The buyers were fascinatingly unpredictable. People wanted to buy Marty’s bus, our display tables, including this tool cart. Dustin’s grandmother’s tchotchkes sold well. What we called Dustin’s “tostadas” sold late in the day. Just a few people noticed these were made of a unique, very lightweight, sculptural concrete formulation, but those that did notice were intensely interested. Same thing with Reuben’s smelt pots, which are sculptural, fused-glass byproducts of molten industrial processes. Those whose eye they caught immediately recognized their complex provenance. Watching objects work their magic on people was the best part of the day. Dustin’s “ficus tree root with superimposed grapevine” sculpture found its adoring owner late in the day too.
I was secretly hoping Reuben’s conical, heavy lanterns wouldn’t sell, so I’d be forced to make a decision on them, but sell they did.
Dustin was fiendishly delighted when the glass vase he found abandoned in his alley went to an appreciative buyer.
By 4 o’clock we were home, and it was all unpacked. We were entrusted temporarily with Reuben’s stuff, which was all carefully put away — after I had a good play with it.
Would we do it again?
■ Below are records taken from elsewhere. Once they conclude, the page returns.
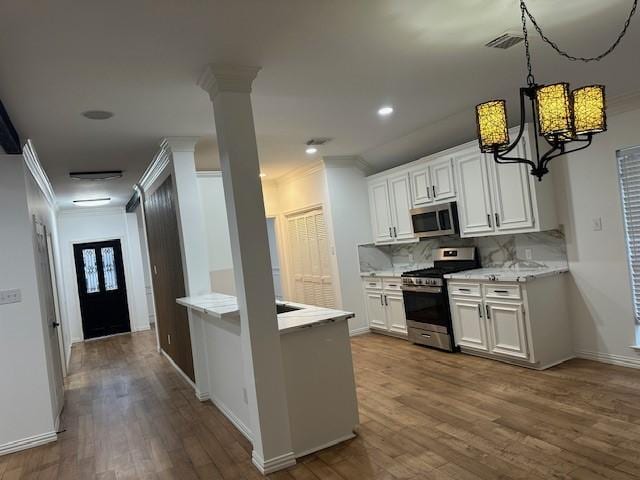 kitchen featuring stainless steel appliances, decorative backsplash, ornamental molding, dark wood-type flooring, and white cabinets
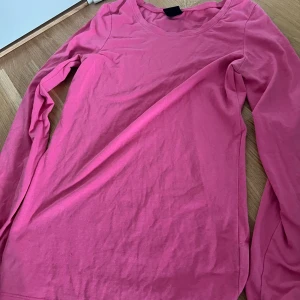 Rosa långärmad tröja från Cubus - En enkel och snygg rosa långärmad tröja från Cubus i mjuk bomull. Modellen har rund halsringning och en klassisk passform som funkar till allt. Perfekt att styla med jeans eller kjol för en chill look.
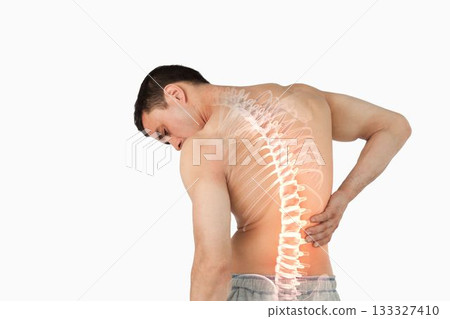 Highlighted spine of man with back pain Highlighted spine of man with back pain 133327410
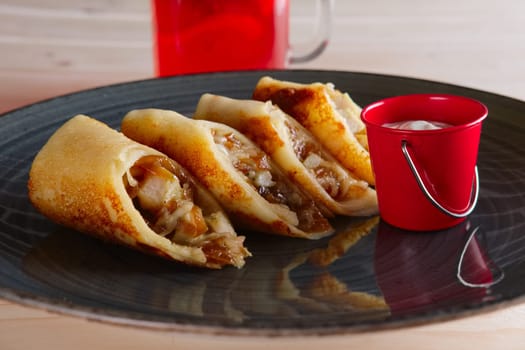 Thin pancakes with ham, bacon and barbecue sauce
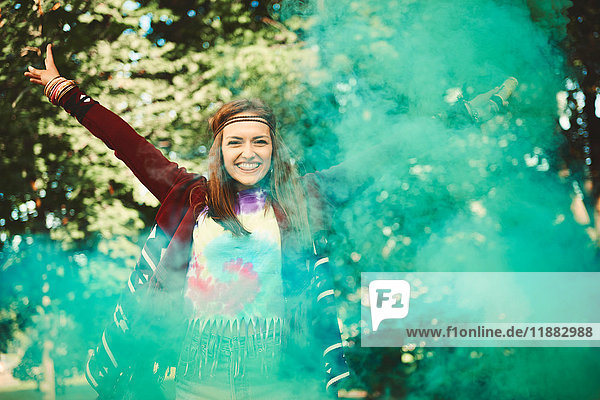 Young boho woman dancing with green smoke flare at festival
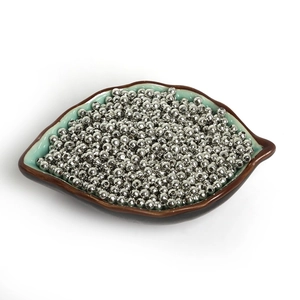 Close-up of small silver iron spacer beads for jewelry making in a leaf-shaped ceramic dish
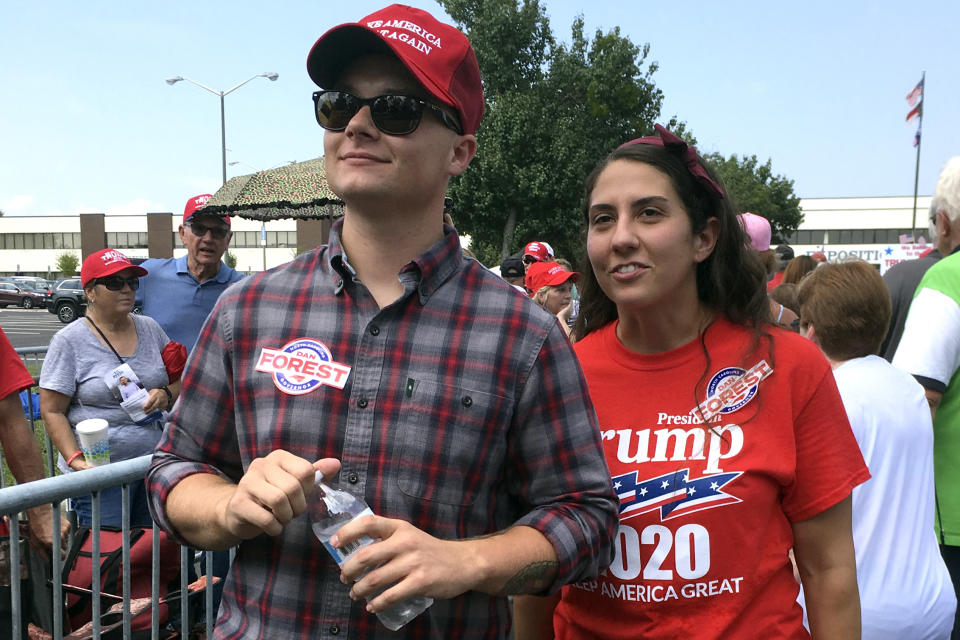 Ashley Arentz, 28, of Jacksonville, N.C., waits in line with friend Jonathan Ritter to enter a rally that President Donald Trump staged for Republican congressional candidate Dan Bishop in Fayetteville, N.C., Monday, Sept. 9, 2019. Arentz, a Marine, said she signed up to vote at the rally. Trump’s campaign is on the hunt for political unicorns: Trump’s team is searching for people in battleground states who support the president but didn’t vote in 2016. (AP Photo/Alan Fram)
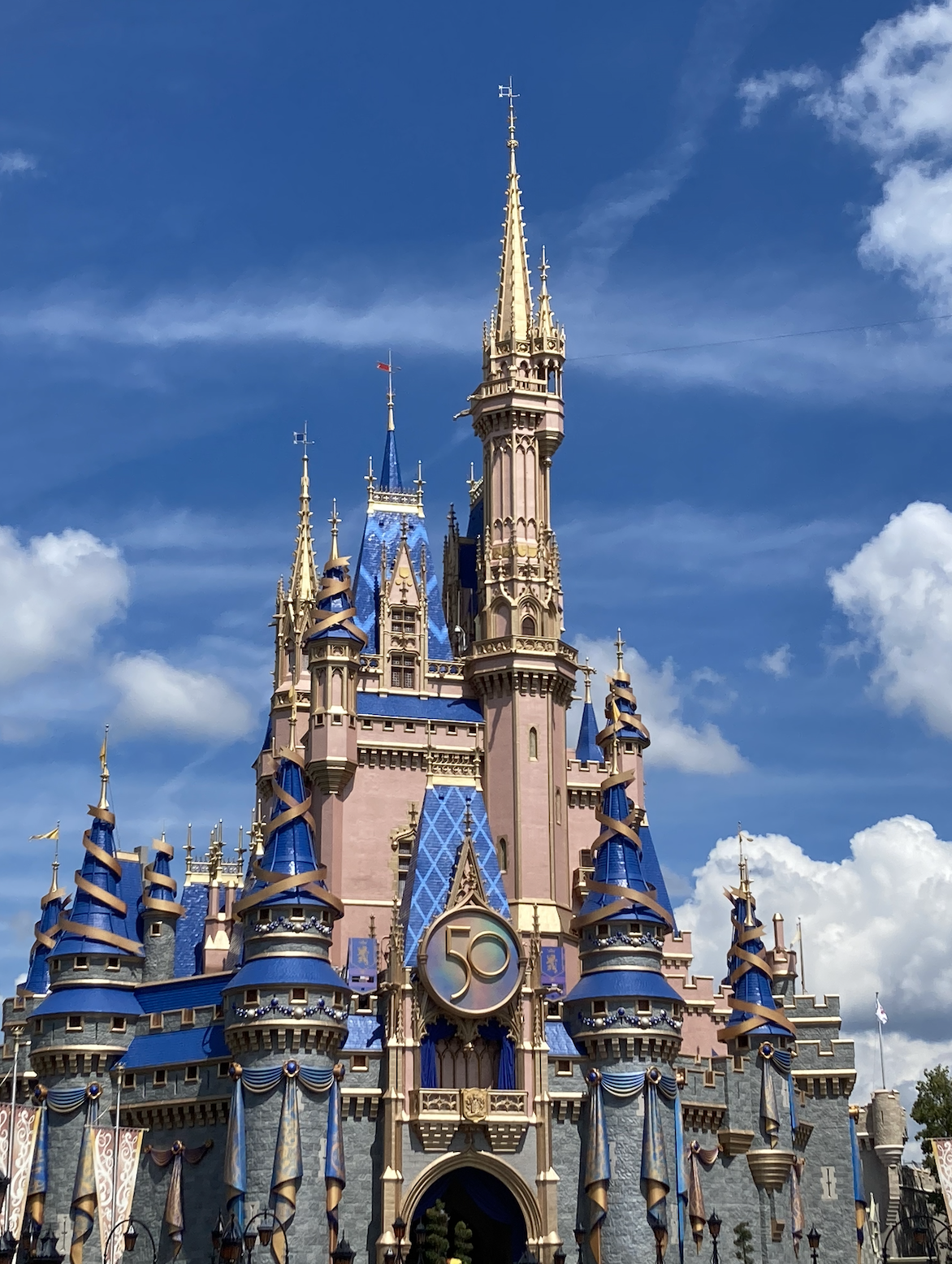 Disney&#x27;s Cinderella Castle adorned with a &quot;50&quot; emblem for the anniversary celebration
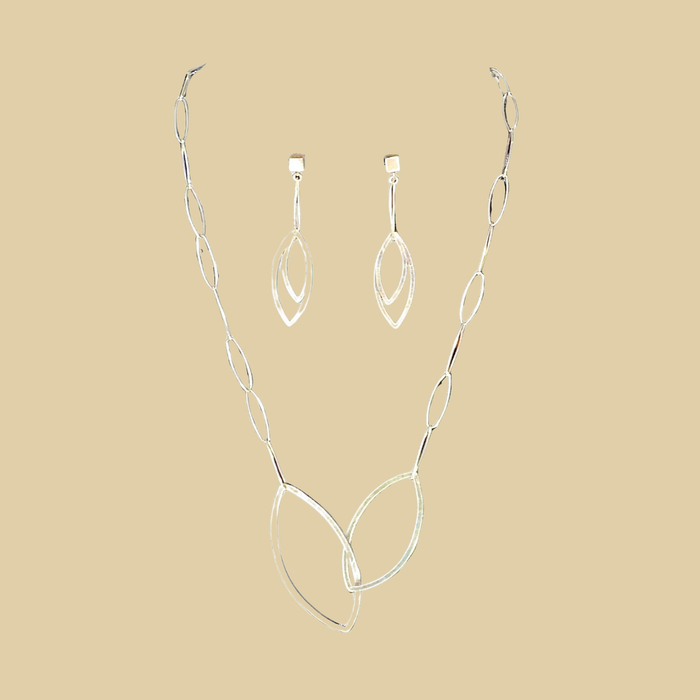 Leaf pendant necklace in sterling silver by Grace Chin, shown on a bone linen background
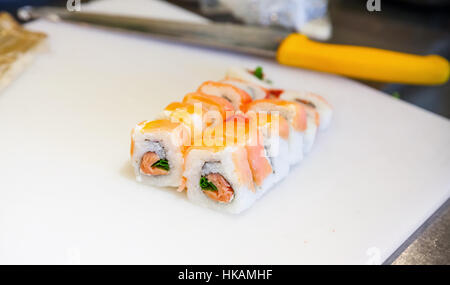 Traditional Japanese sushi rolls with salmon lay on white cutting board with chief knife. Closeup photo with selective focus Stock Photo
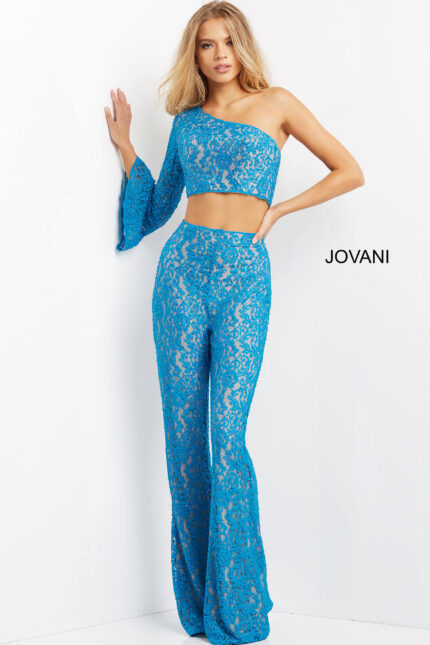 Model wearing Jovani 08693 blue lace ensemble with asymmetrical neckline.
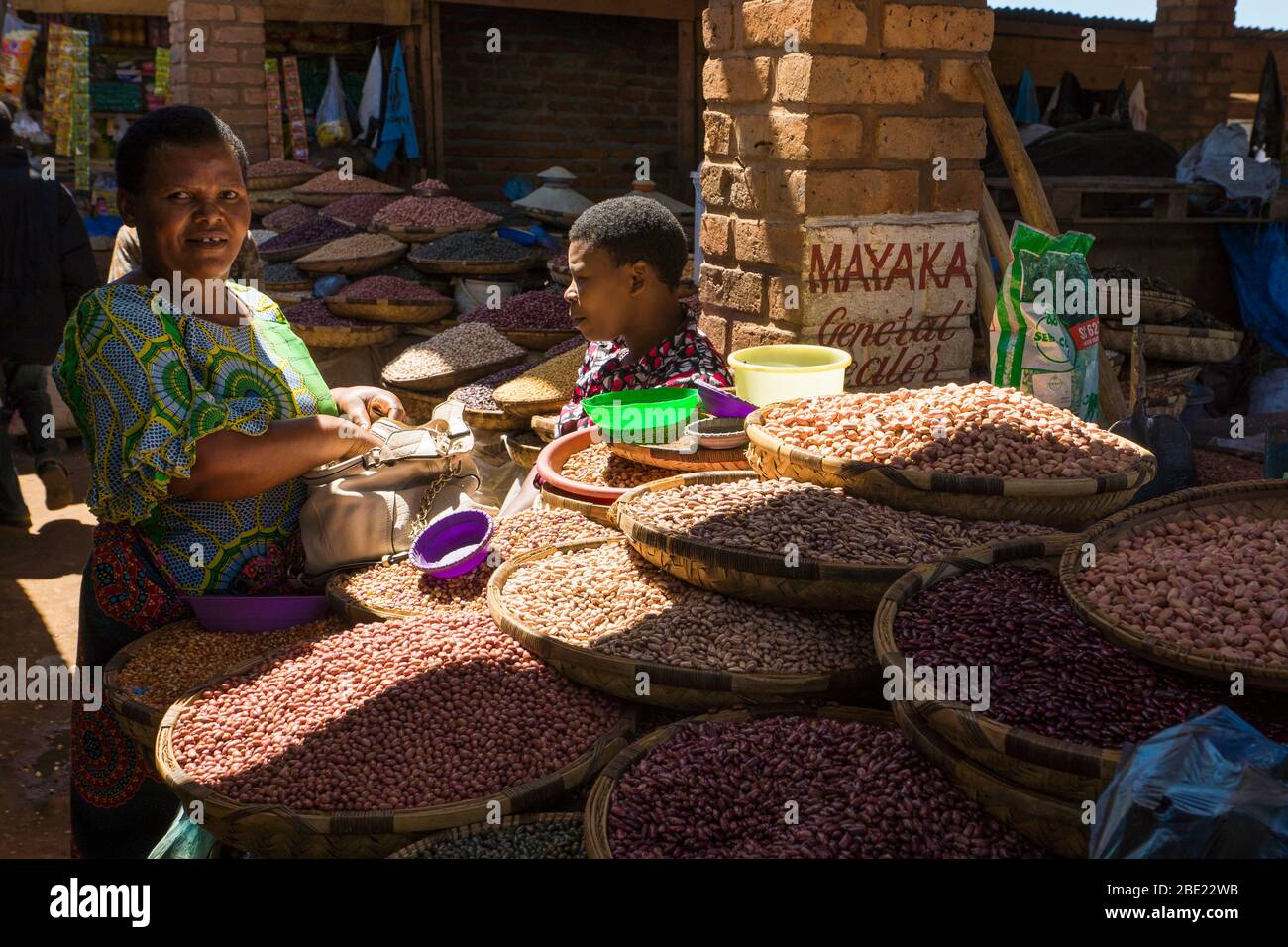 Frau, die Bohnen und Hülsenfrüchte auf dem Mzuzu-Markt im Norden Malawis verkauft Stockfoto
We’re thinking maybe February, if there’s any spaces still available. Was the money good? I thought so, although Reuben thought this flea’s attendance wasn’t the best he’s seen. We were prepared to accommodate big transactions with Square, and it did come in handy. Some people wanted bags to carry off their purchases, and we had none, but we did have a wagon that we loaned out all day to carry off the heavier items, which was always faithfully returned. Was the explicitly garden-related stuff a hit? Not really. The only one to even give the garden books and magazines a glance was Kris, who wrote about her adventure here. (Such a treat to meet you and your friends, Kris.)